What is the issue with my method, I make a substitution and get an integral in terms of $\theta$, then solve the integral, all of which is correct but the final answer is wrong, so am I not allowed to use $\tan \theta = e^{\frac{x}{2}}$ ? I only used this method because it works for other integrals similar to this one.
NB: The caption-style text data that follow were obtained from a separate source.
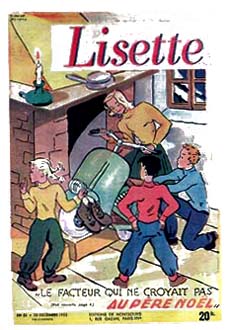 Couverture du numero 51/53 Couverture du numero 51/53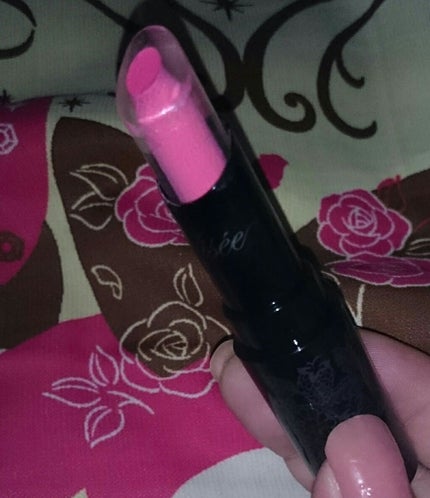 クリスタルデュオ リップスティック/Visée/口紅を使ったクチコミ(1枚目)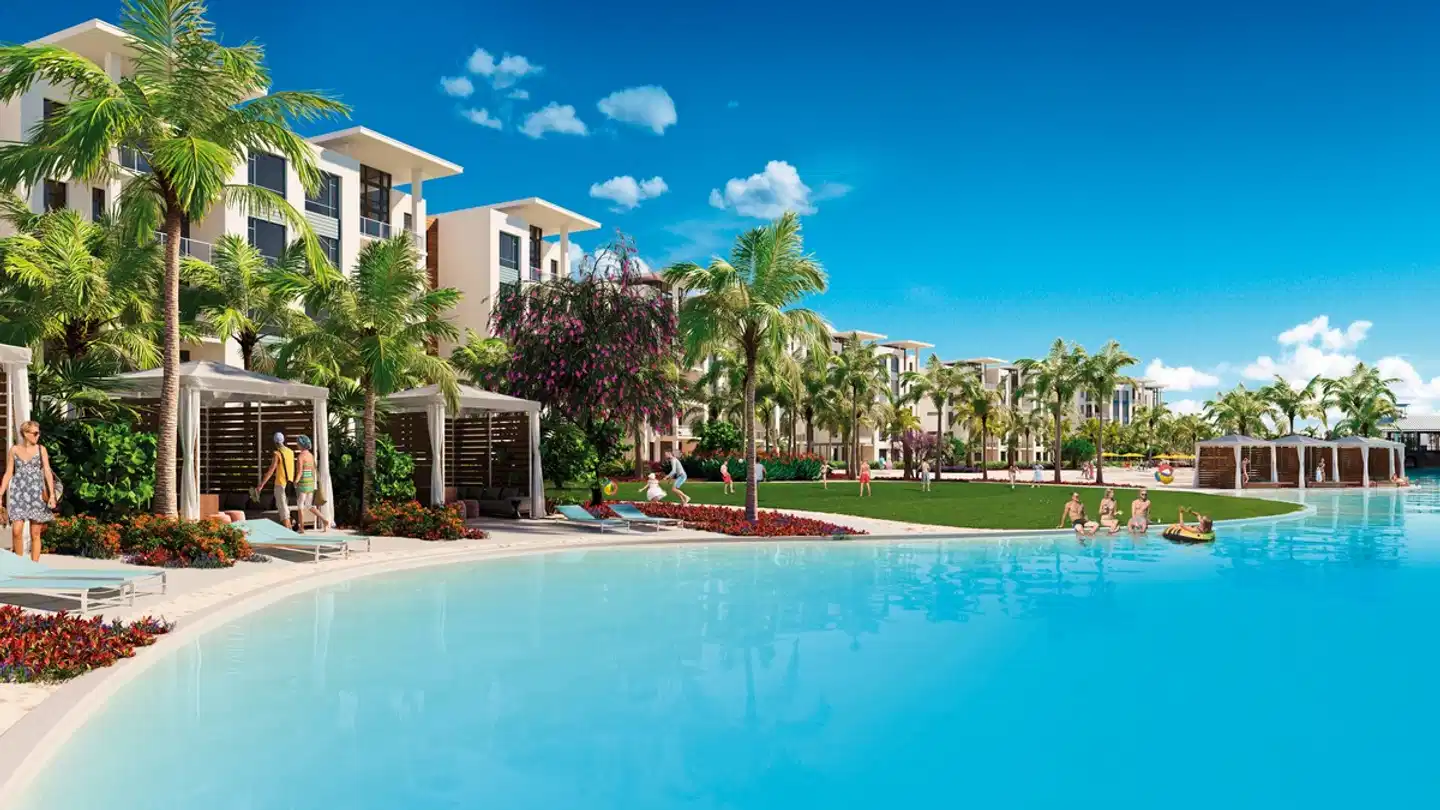 Evermore Apartments Pool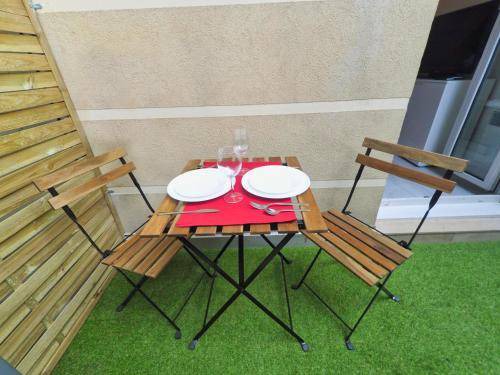 Photo of Patio Balcony in Saint Maurice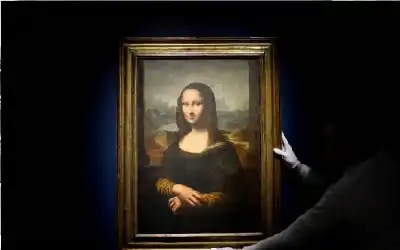 سرقة الموناليزا: صناعة الأسطورة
$\displaystyle\operatorname{Let} e^{\frac{x}{2}}=\tan \theta$. By pythagorean identities, $\displaystyle\cos \theta=\dfrac{1}{\sqrt{1+e^x}} \implies \sec \theta=\sqrt{1+e^x}$
$$
\begin{aligned}
\\
& \frac{d}{d \theta}\left(\tan \theta=e^{\frac{x}{2}}\right)= \\
& \sec ^2 \theta=\frac{1}{2} e^{\frac{x}{2}} \frac{d x}{d \theta} \iff \frac{2 \sec^2 \theta}{\tan \theta} d \theta=d x \\
& \text{Then, }I = \int{\sqrt{1+e^x}}dx = 2 \int \sec ^3 \theta \cot \theta d \theta=2 \int \sec ^2 \theta \csc \theta d \theta \\
& =2\sec \theta-2 \ln |\csc \theta+\cot \theta|+C \\
& \quad \\
& \sec \theta=\sqrt{1+e^2} \implies \csc \theta=\frac{\sqrt{1+e^x}}{e^{\frac{x}{2}}}, \, \quad \tan\theta = e^{\frac{x}{2}} \implies \cot \theta=\frac{1}{e^{\frac{x}{2}}} \\
& \therefore I=2 \sqrt{1+e^x}-2 \ln \left(\frac{1+\sqrt{1+e^x}}{e^{\frac{x}{2}}}\right)+C \\
& =2 \sqrt{1+e^x}+x-\ln \left(1+\sqrt{1+e^x}\right)^2+C \\
&
\end{aligned}
$$
Best Answer
Short answer: Your answer is correct.
If you want more details, you need to explain why you think it's incorrect. Those details are currently lacking.